Да, друг мой, план Иво отомстить Кухару накрылся ржавой каской. Дирк лишился коня и потратил более четырех недель на путешествие в Златоград и обратно, а что самое обидное — свое время парень потратил впустую.

С той самой ночи, когда рыжая девушка приволокла человека из Псарни в мертвецкую, прошло достаточно времени, да и само лечение Иво напоминало Дирку шаманские ритуалы, нежели медицину. Дыра на груди Гончей затянулась, а от пробитого насквозь легкого остался лишь кашель, который навсегда стал постоянным спутником его приятеля, но меньшей платой за спасенную жизнь. Рубец, похоронивший под собой пол-лица, также затянулся, но глаз Иво спасти не удалось, нечего было спасать. К моменту, когда наемник оказался на пороге мертвецкой, помощник коронера увидел уже пустую глазницу.

— Любой здравомыслящий человек был бы без ума от радости, что остался в живых, — говорил Дирк своему приятелю. — Но ты же особенный, тебе одного раза мало. Тебе нужно обязательно вернуться и дать Кухару закончить свою работу.

Иво слушал подобные речи молча, не перебивая, и, лишь дав помощнику коронера выговориться, он отвечал:

— Ты не поймешь, а объяснить я не смогу.

— Так ты постарайся, — вмешивалась в их разговор Умма, которая теперь не отходила от Псаря ни на шаг. — Тебе есть о ком заботиться, тебе есть ради кого жить. Почему ты продолжаешь лезть на рожон?
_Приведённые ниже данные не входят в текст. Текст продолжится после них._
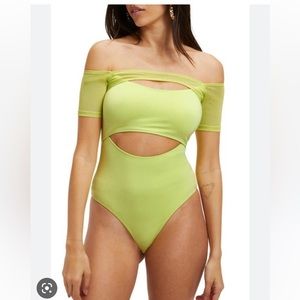 Good American off the shoulder like green bodysuit NWT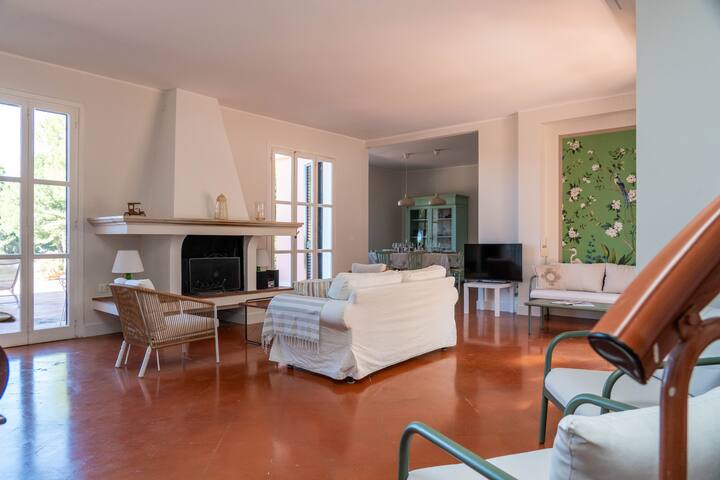 Countryside Private Villa with pool gallery image 3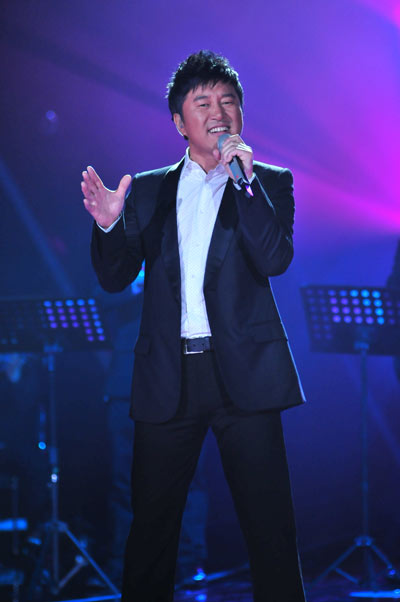 《歌手》突围赛 满文军自信上阵李小双观战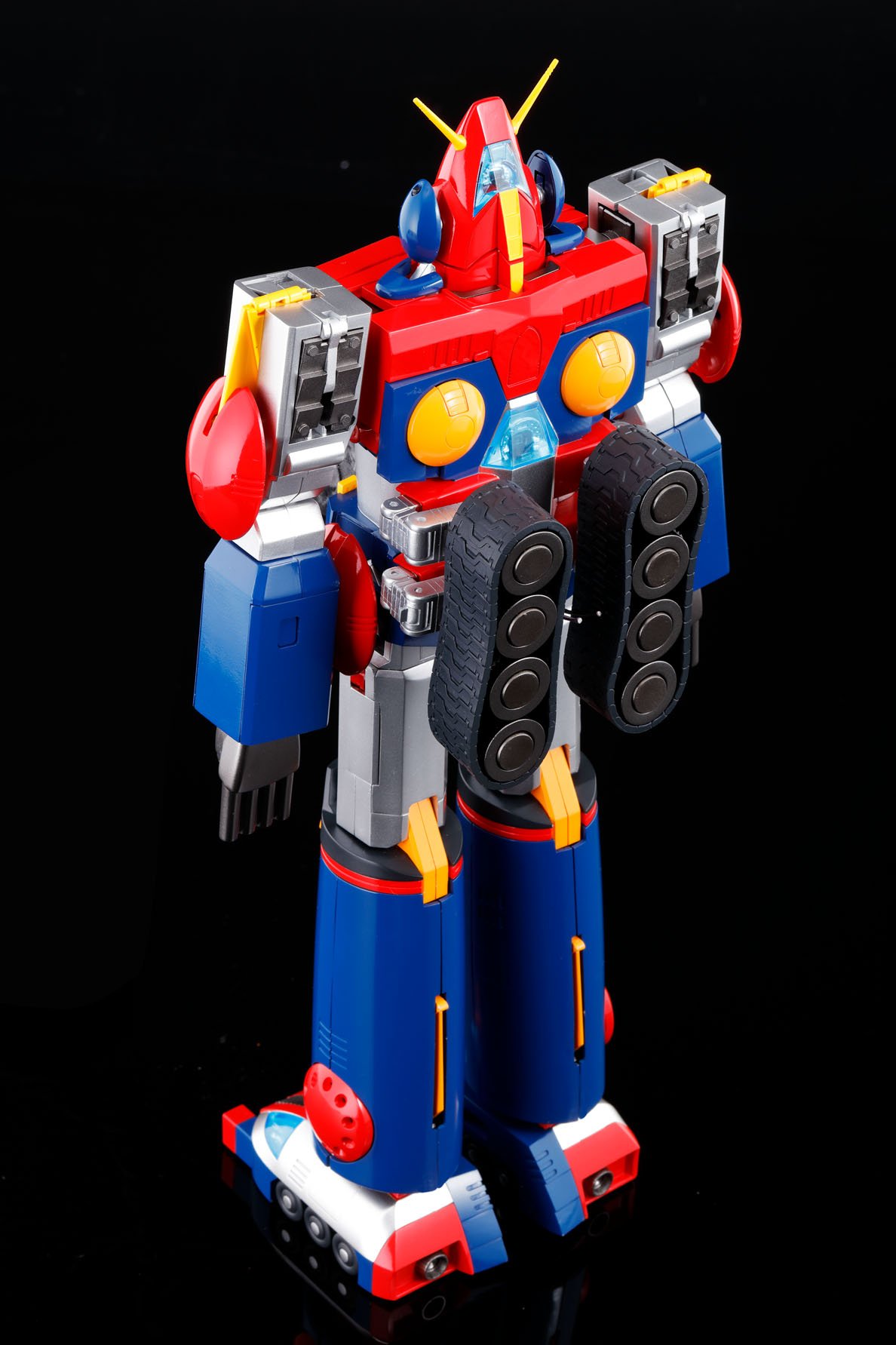 TAMASHII NATIONS Cho Denji Robo Combattler V, 35 cm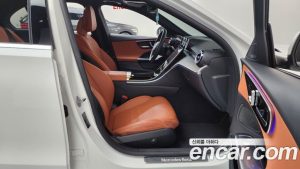 Mercedes-Benz C-Class C300 4MATIC Avantgarde 2023 года из Южной Кореи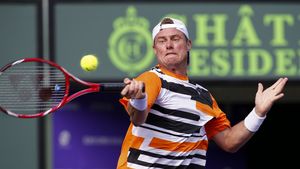 Lleyton Hewitt a reușit a 600-a victorie în circuitul ATP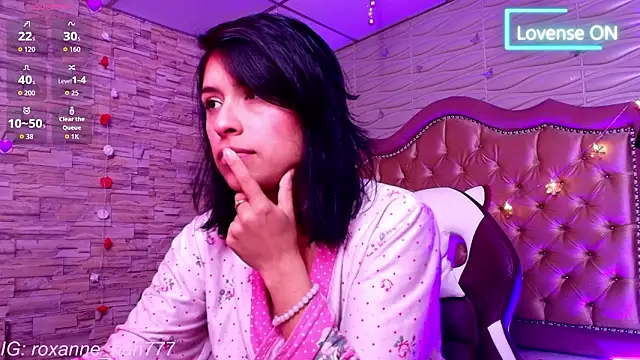 Roxanne_Han – Naživo XXX chat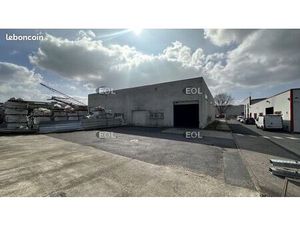 Local bureaux 560 m²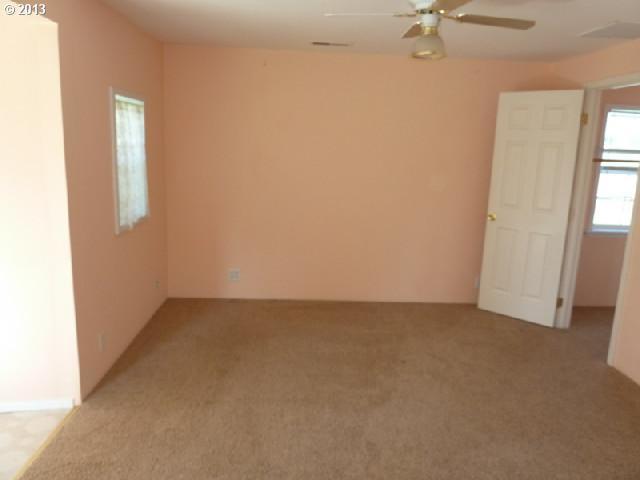 335 Fir Vista Road Sutherlin, OR 97479 - Photo 8 of 13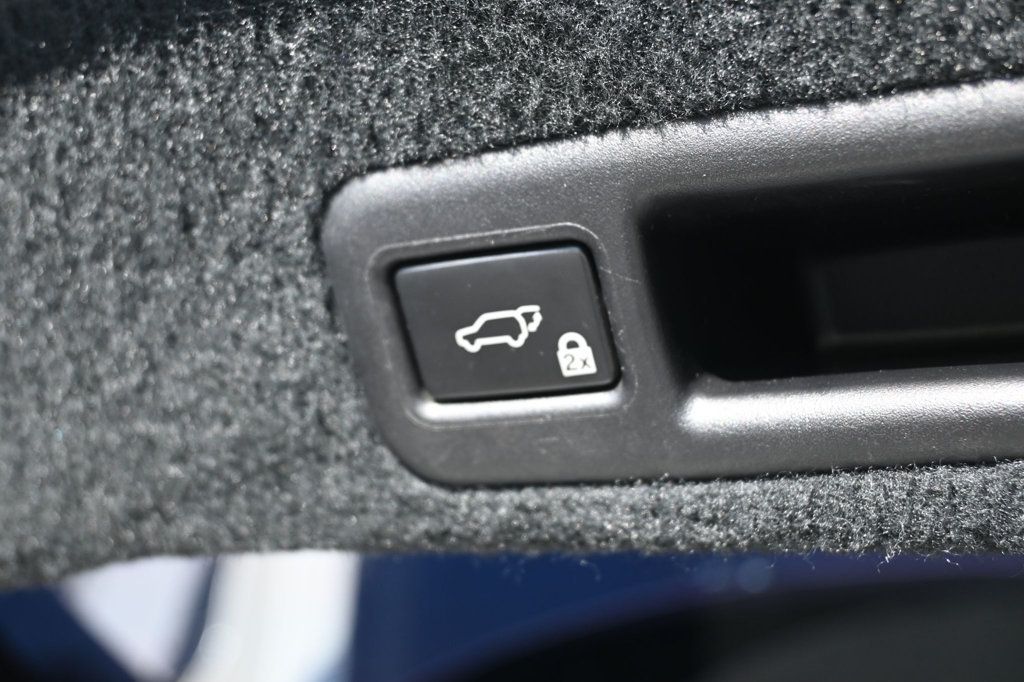 Lexus RX photo 17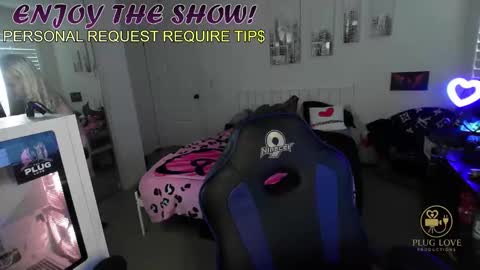 The Plug Love  Friends online show from December 21, 6:37 pm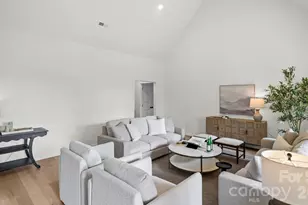 3800 Erskine Woods Dr, Bessemer City, NC 28016 - Photo 21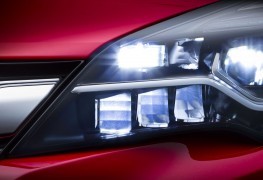 Ausgezeichnete LED-Scheinwerfer: Opel IntelliLux!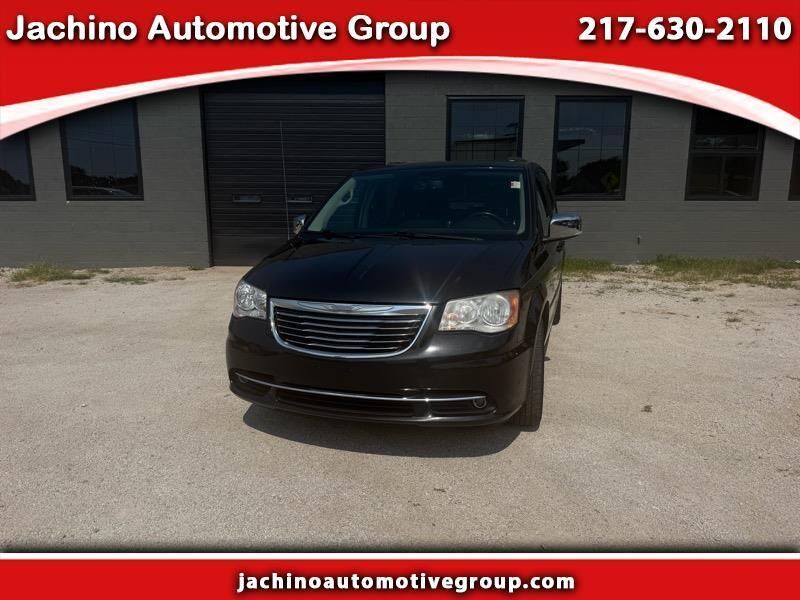 2015 CHRYSLER Town and Country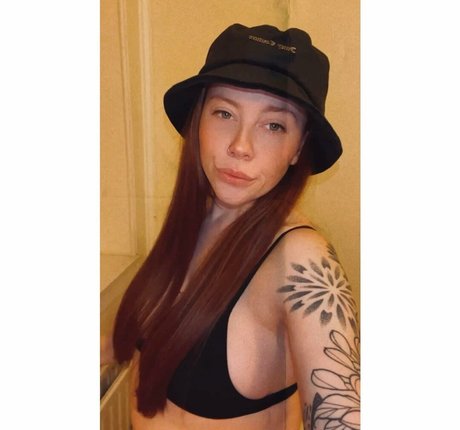 Molly Capper スター 写真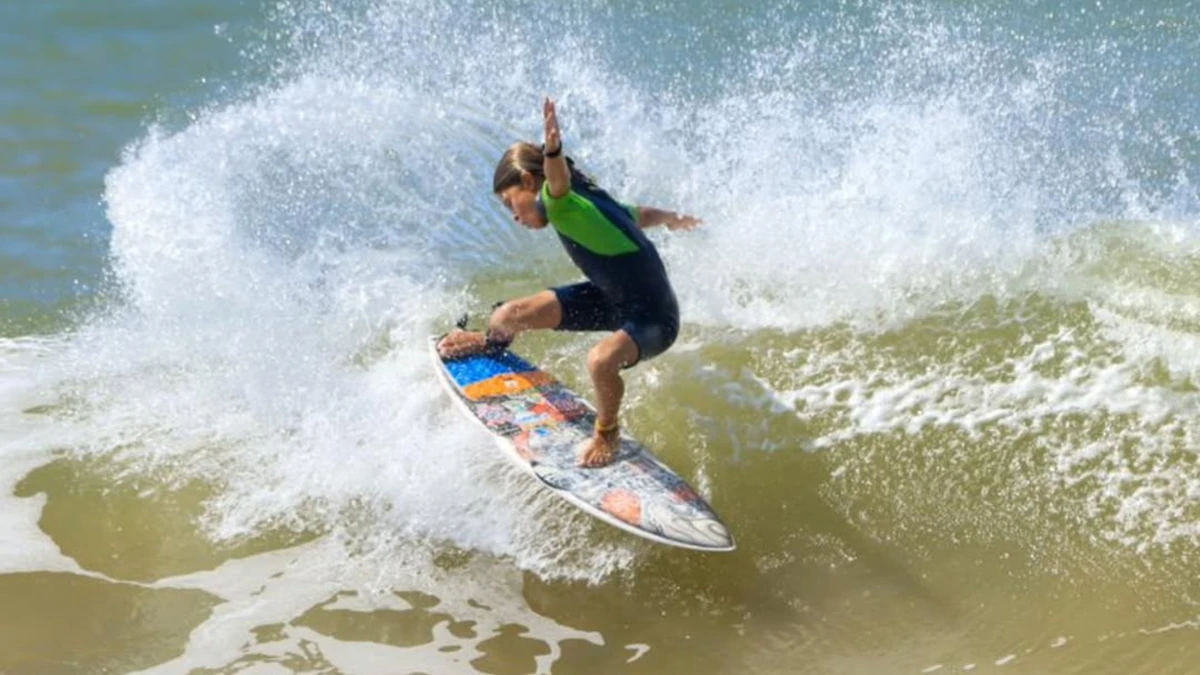 Kaleb Henrique, surfista mirim de 12 anos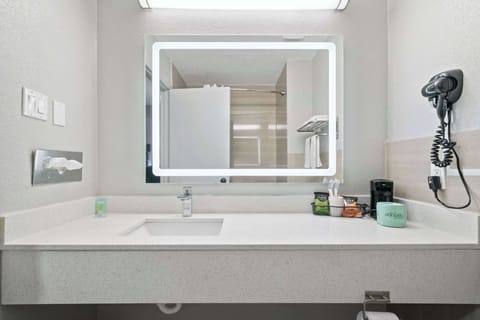 Free toiletries, hair dryer, towels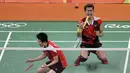 Pasangan pebulu tangkis ganda campuran Tontowi Ahmad/Liliyana Natsir menyumbangkan emas dalam ajang Olimpiade 2016 di Rio de Jeniero. (AP Photo/Mark Humphrey)
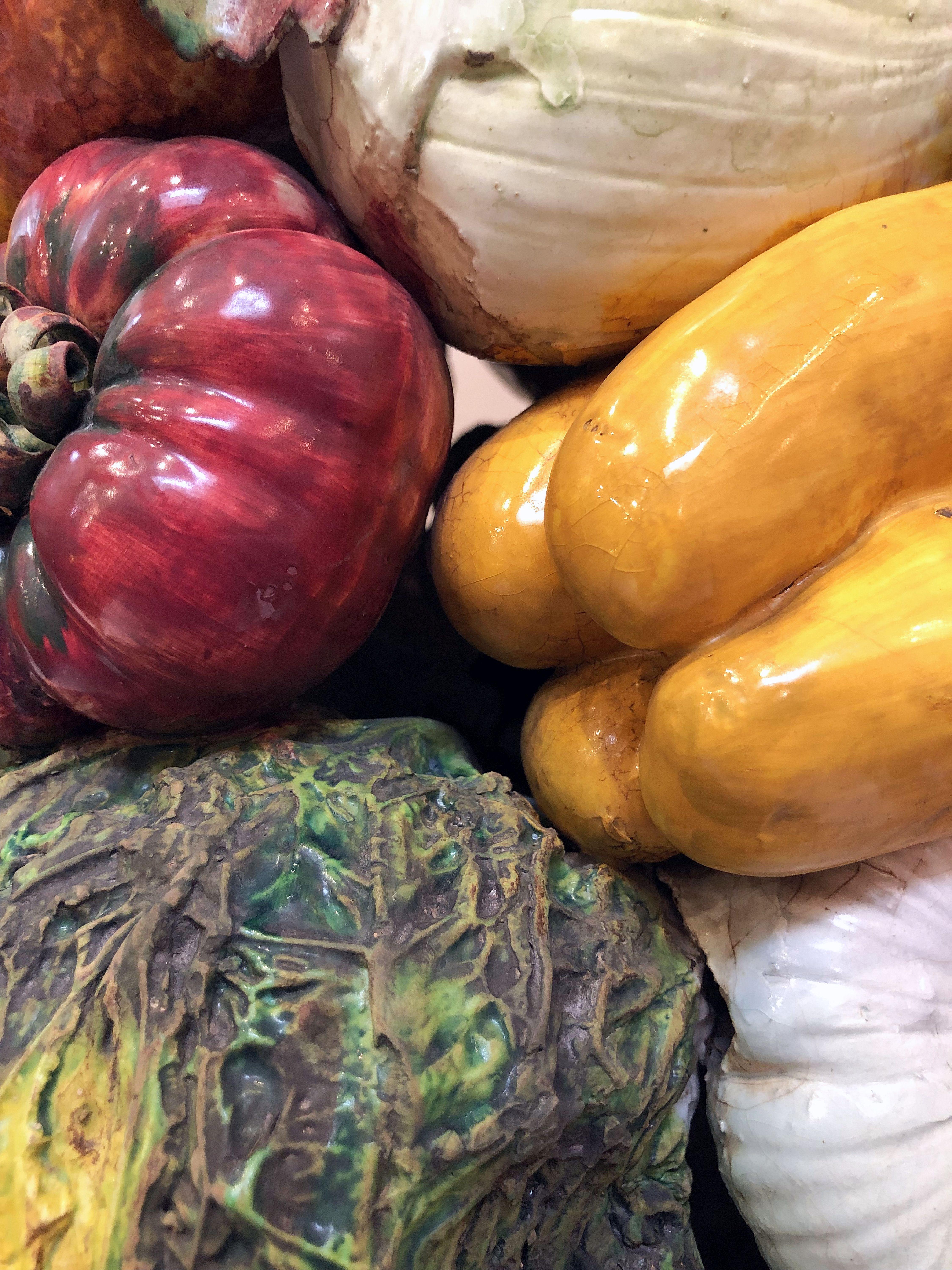 Grande tour de légumes ou centre de table topiaire en céramique italienne en forme de majolique en vente 12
— Потому, что я не умею иначе, — отвечал Псарь и, надвигая на лицо капюшон, уходил в дождливые гнездовские ночи искать открывающиеся в Ржавую Яму двери.

Умма не рассказывала Иво о том, что узнала о Кухаре, сидя в клетке. Она не желала, чтобы Псарь добрался до балагана, и втайне надеялась, что план колдуна сработает. Лисица также располагала информацией, как открывать двери в Яму, но держала её в тайне. Перед началом заключительного этим летом праздника слуги Кухара добирали недостающих людей, и Иво, наблюдая за человекоподобными мышами, смог увидеть и, главное, понять принцип проникновения в логово старшей твари.

План наемника, как всегда, был прост. Уцелев в бою с Войцехом, он всячески скрывал то, что остался жив и до сих пор находится в Гнездовье; Гончая напрасно понадеялся на хозяина Псарни, и, вместо того чтобы в город пришел десяток людей, назад воротился удрученный помощник коронера.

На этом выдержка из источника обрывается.